Rish AI

Model Description

Rish AI is a cutting-edge Mixture of Experts (MoE) transformer model designed for efficient and scalable language understanding and generation. It features sparse routing with 7 experts per token, advanced rotary position embeddings, and optimized attention mechanisms.

Key Features

Sparse Mixture of Experts: 7 experts with 5 experts activated per token for optimal efficiency
Rotary Position Embeddings: Dynamic RoPE scaling for better long-context handling
Grouped Query Attention: Efficient attention with reduced key/value heads
RMSNorm: Improved normalization for stable training
Load Balancing: Automatic expert load balancing during training

Usage

Installation

pip install transformers

Basic Usage

from transformers import AutoTokenizer, AutoModelForCausalLM

# Load model and tokenizer
model_name = "your-org/RishAI-1B-7B"
tokenizer = AutoTokenizer.from_pretrained(model_name)
model = AutoModelForCausalLM.from_pretrained(model_name)

# Prepare input
text = "Hello, how are you?"
inputs = tokenizer(text, return_tensors="pt")

# Generate response
outputs = model.generate(**inputs, max_length=50, do_sample=True, temperature=0.7)
response = tokenizer.decode(outputs[0], skip_special_tokens=True)
print(response)

Advanced Usage

import torch
from transformers import AutoTokenizer, AutoModelForCausalLM

# Load model with specific configuration
model = AutoModelForCausalLM.from_pretrained(
    "your-org/RishAI-1B-7B",
    torch_dtype=torch.bfloat16,  # For memory efficiency
    device_map="auto"  # Automatic device placement
)

tokenizer = AutoTokenizer.from_pretrained("your-org/RishAI-1B-7B")

# Multi-turn conversation
conversation = [
    {"role": "user", "content": "What is machine learning?"},
    {"role": "assistant", "content": "Machine learning is a subset of AI..."},
    {"role": "user", "content": "Can you give a practical example?"}
]

# Format conversation
formatted_input = tokenizer.apply_chat_template(conversation, tokenize=False)
inputs = tokenizer(formatted_input, return_tensors="pt")

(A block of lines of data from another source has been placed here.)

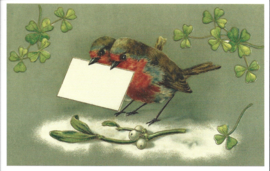 Roodborst paar bezorgd brief prentbriefkaart  {W203}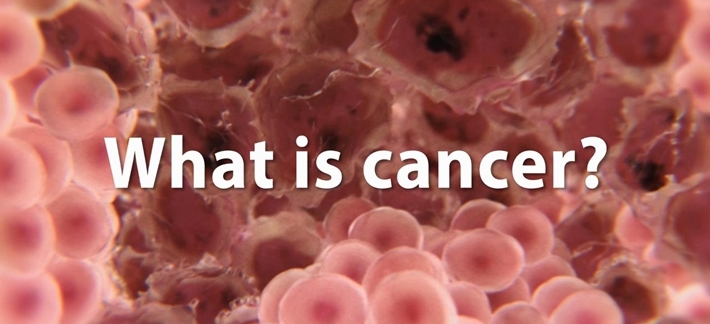 What is Cancer?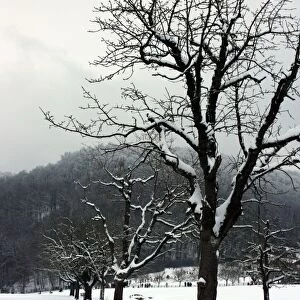 Winter trees. Arlesheim, Switzerland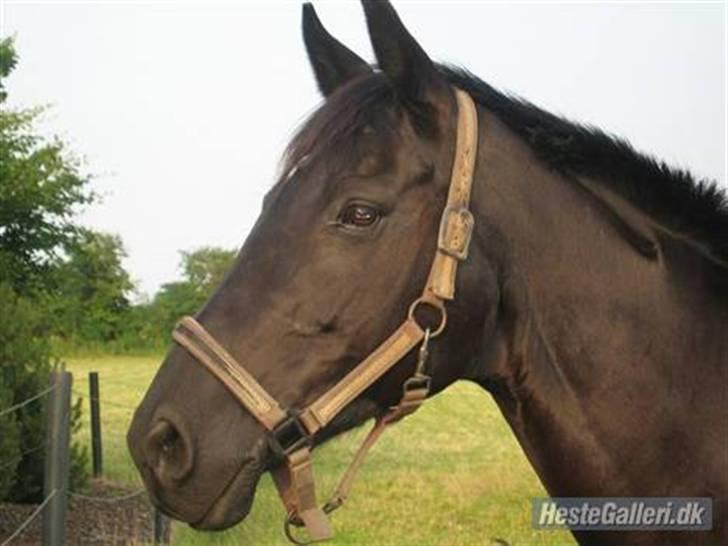 Fuldblod (XX) Ferrari (R.I.P) <3 billede 4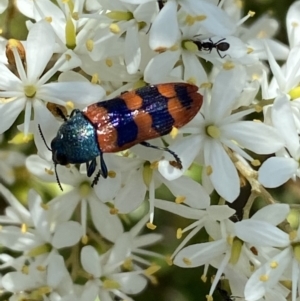 Castiarina crenata at Googong, NSW - 10 Feb 2022 10:39 AM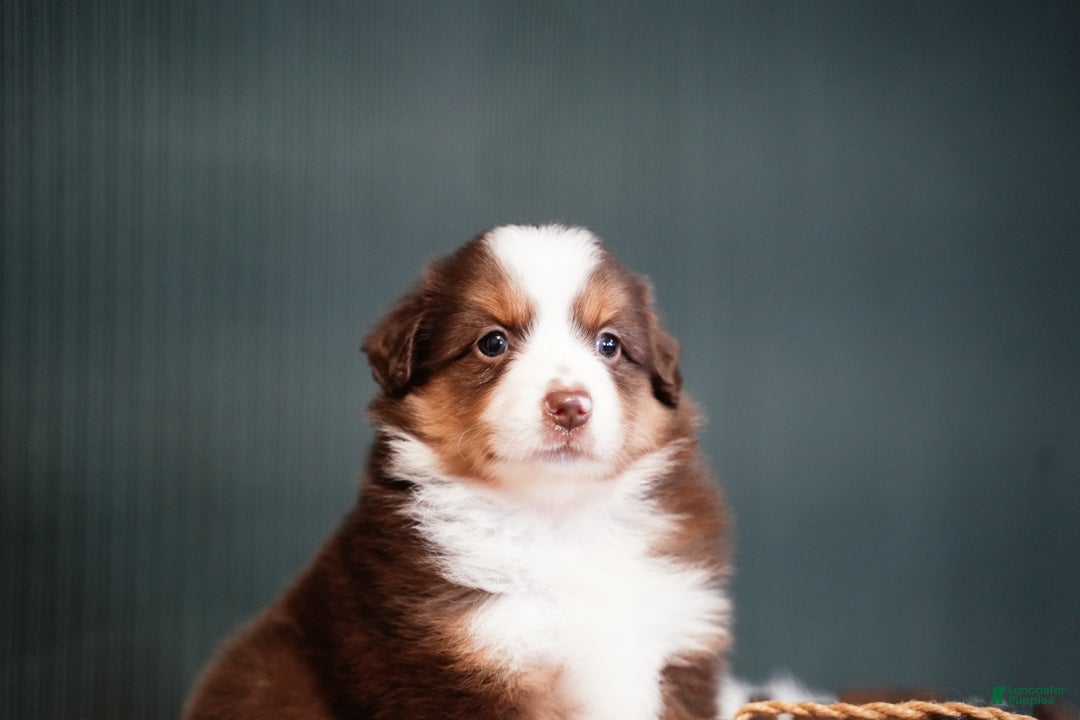 Miniature Australian Shepherd dogs for sale: Daisy - Ad 4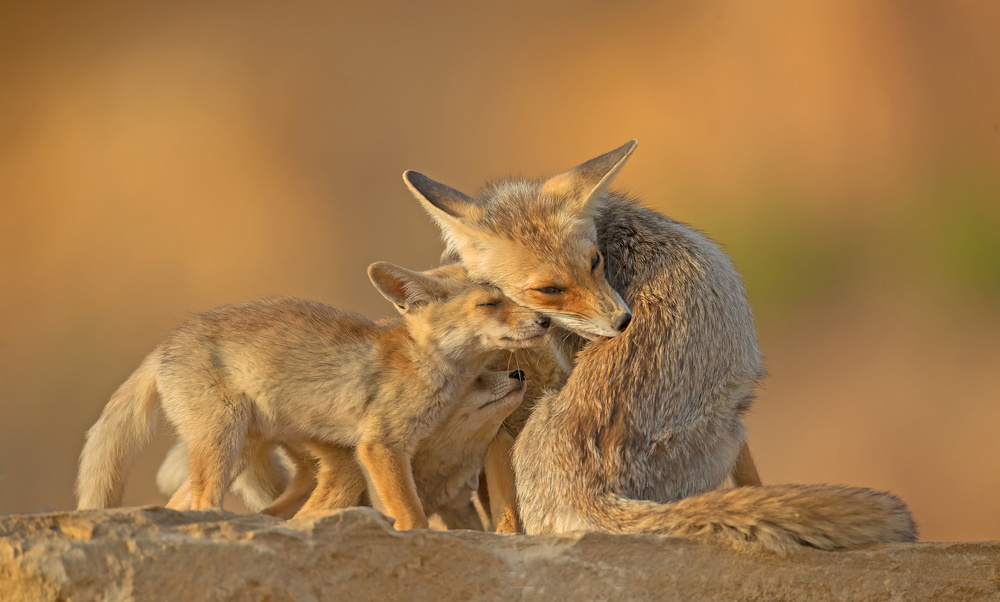 Foxes, Motherhood. von Shlomo Waldmann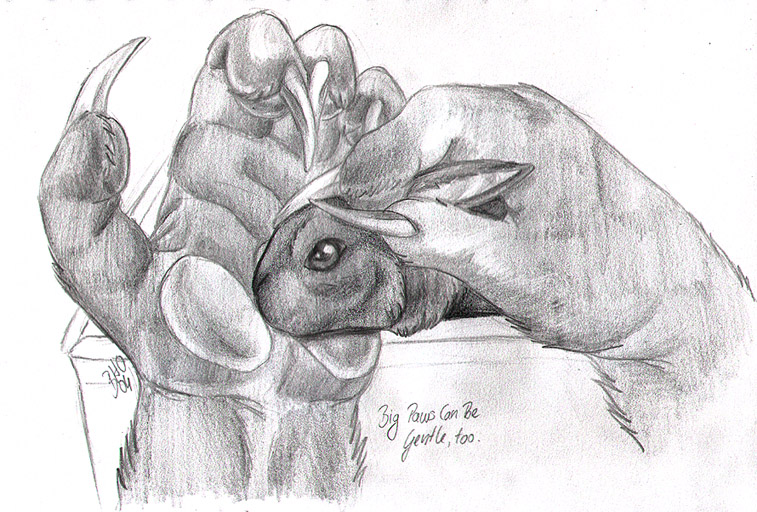 757x512 Vcl - Bloodhound Sketch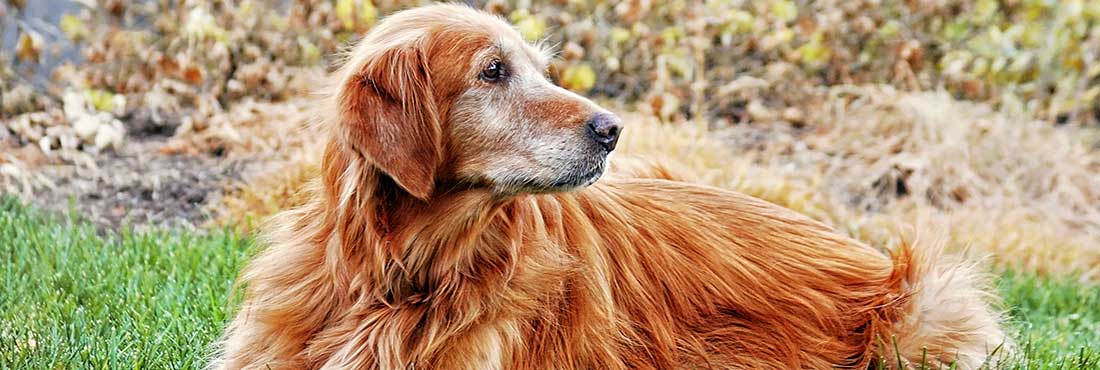 Do Golden Retrievers Shed? How to Make Shedding Season Easier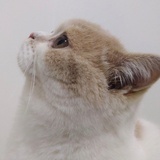 Eli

# Generate with controlled parameters
outputs = model.generate(
    **inputs,
    max_length=200,
    temperature=0.8,
    top_p=0.9,
    do_sample=True,
    pad_token_id=tokenizer.eos_token_id
)

response = tokenizer.decode(outputs[0], skip_special_tokens=True)
print(response)

Model Configuration

from transformers import RishAIConfig

# Create custom configuration
config = RishAIConfig(
    vocab_size=100352,
    hidden_size=4096,
    num_hidden_layers=32,
    num_attention_heads=32,
    num_experts=7,           # Number of experts
    num_experts_per_tok=5,   # Experts activated per token
    max_position_embeddings=4096,
    rope_scaling={"rope_type": "dynamic", "factor": 1.0}
)

# Initialize model with config
from transformers import RishAIModel
model = RishAIModel(config)

Model Architecture

Sparse Mixture of Experts (MoE)

Experts: 7 specialized sub-networks
Routing: Top-5 expert selection per token
Load Balancing: Automatic expert utilization optimization

Attention Mechanism

Grouped Query Attention: Efficient key/value head reduction
Rotary Embeddings: Position-aware attention with dynamic scaling
RMSNorm: Stable layer normalization

Training Features

Gradient Checkpointing: Memory-efficient training
Flash Attention: Optimized attention computation
Expert Parallelism: Distributed expert training

Performance

Speed

Inference: Optimized for fast generation
Training: Efficient MoE routing and load balancing
Memory: Sparse activation reduces memory footprint

Quality

Perplexity: Competitive with state-of-the-art models
Long Context: Effective handling of 4K+ token sequences
Multitask: Strong performance across diverse tasks

Limitations

Requires significant computational resources for training
Memory usage scales with number of active experts
Best performance on modern GPUs with ample VRAM

Citation

@misc{rishailabs_2026,
    author       = { RishAILabs },
    title        = { RLLM-Base (Revision 552ee30) },
    year         = 2026,
    url          = { https://huggingface.co/RishAILabs/RLLM-Base },
    doi          = { 10.57967/hf/7560 },
    publisher    = { Hugging Face }
}

License

This model is released under the Apache 2.0 license.